Gilbert Sr. and his family have decorated the interior and exterior with fencing material and other pieces kept from a brief stint working in the demolition industry, adding to the genuine authenticity of the spot. Inside, a light projector sends rays of transforming, colorful lights to the ceiling while jazz music plays in the background, keeping the mood light and fun. There are unique items like a slot machine (called “BEAT IT”), paintings for sale from local artists (Schwarzenegger as “The Terminator” is one and others with messages like, “Love your colores,” and “A smooth sea never made a skilled sailor”). There is a framed photo of Jose De Hoyos with the HEB founder, acknowledging the roots of the coffeehouse, a black and white poster of Marilyn Monroe lifting weights on a bench in a bra top and jeans. There’s also a mix of unique items encased in glass by the entrance including a quote from 1920s actress Mae West that reads, “When I’m good, I’m really good, and when I’m bad, I’m better”. Vintage typewriters and coffee machines from all eras line sections of walls. Social media presence, graphics (such as a computerized coffee cup in black with a red and white background made to resemble the United Farm Workers flag) and espresso art design are the stead of Gilbert Jr., who left his career in banking to work full time at Barrio Barista Coffeehouse.

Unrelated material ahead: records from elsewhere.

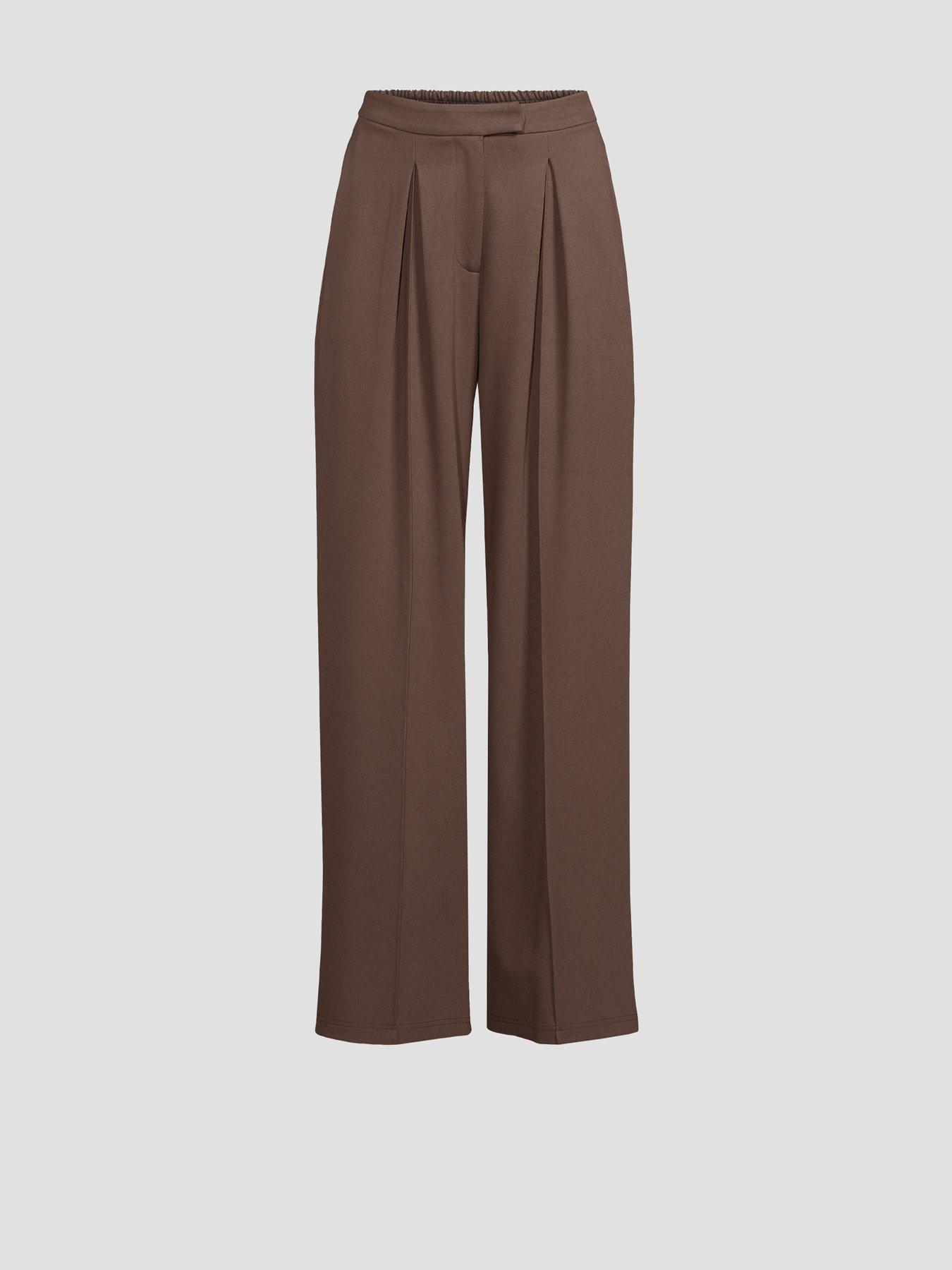 Image 7 of 7 of The Very Collection Ponte Wide Leg Pleated Trouser - Brown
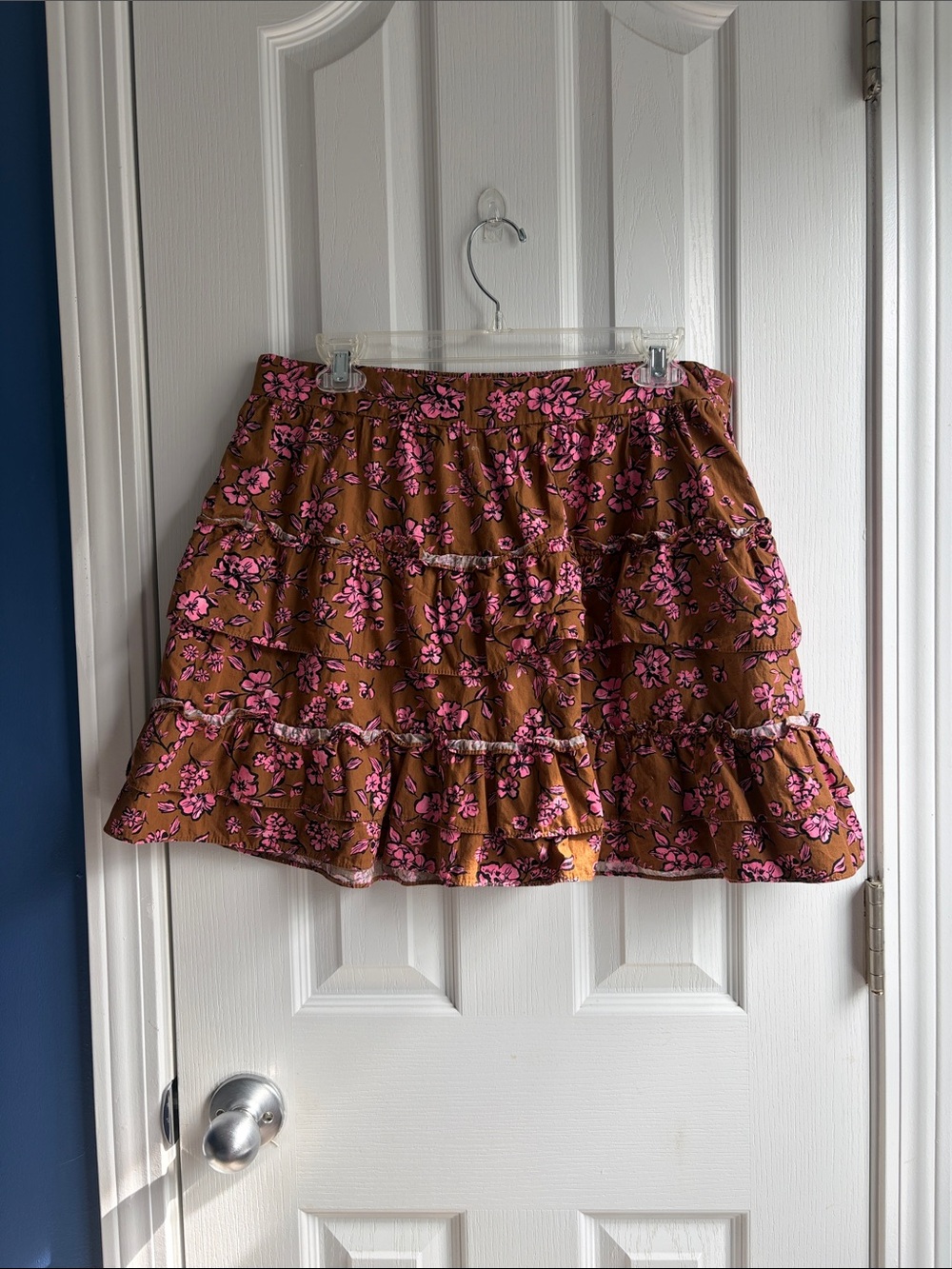 ARULA Floral Ruffle Tiered Mini Skirt Size XL Boho Country Cottagecore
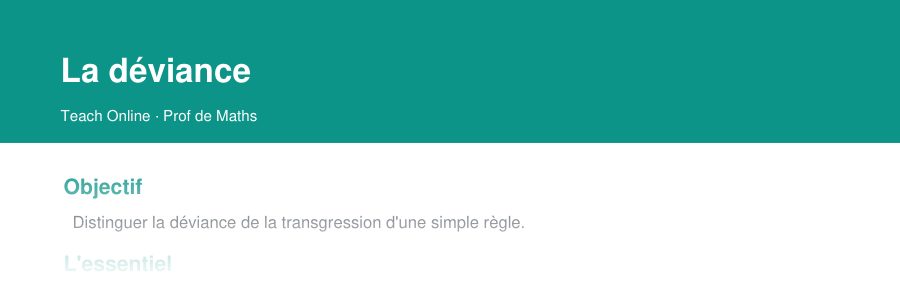 Aperçu : haut de la première page — La déviance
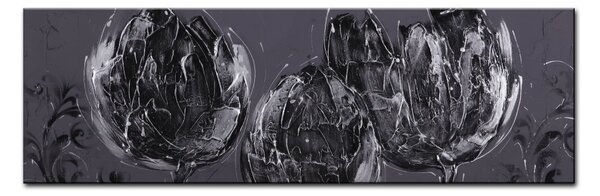 Obraz MIDNIGHT TULIPS - ručně malovaný 50x150cm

Witnessing the success of Barrio Barista Coffeehouse, Gilbert Sr. was asked why he didn’t create the coffeehouse in gentrified South Town. He told me that it was “always his intention to open it in the Westside in order to create a place for the community to go to that would help enrich and revitalize the community. My purpose in life is to serve others and to be my brother’s keeper. Everyone should have purpose in life and mine is business and in ministry,” De Hoyos tells me. This is otherwise known as “BAM” (business and ministry), which is not affiliated to organized religion and only promotes helping your neighbors. As such, he is a “advocate of the coffee community association, which exists on national and local levels. I see this generosity of spirit in action at the Westside Development Corporation “Westside Business Alliance” initiative kick-off meeting, when I caught Gilbert Sr. offering to guide a young entrepreneur interested in opening a coffeehouse like his that would serve as a genuine place for the community to gather. In fact, he urges “anyone looking to start a coffee business to contact him,” for guidance and comradery. In the future, Gilbert Sr. would like to expand Barrio Barista Coffeehouse to sell cold press juices, herbal remedies and provide franchise opportunities to the community he serves.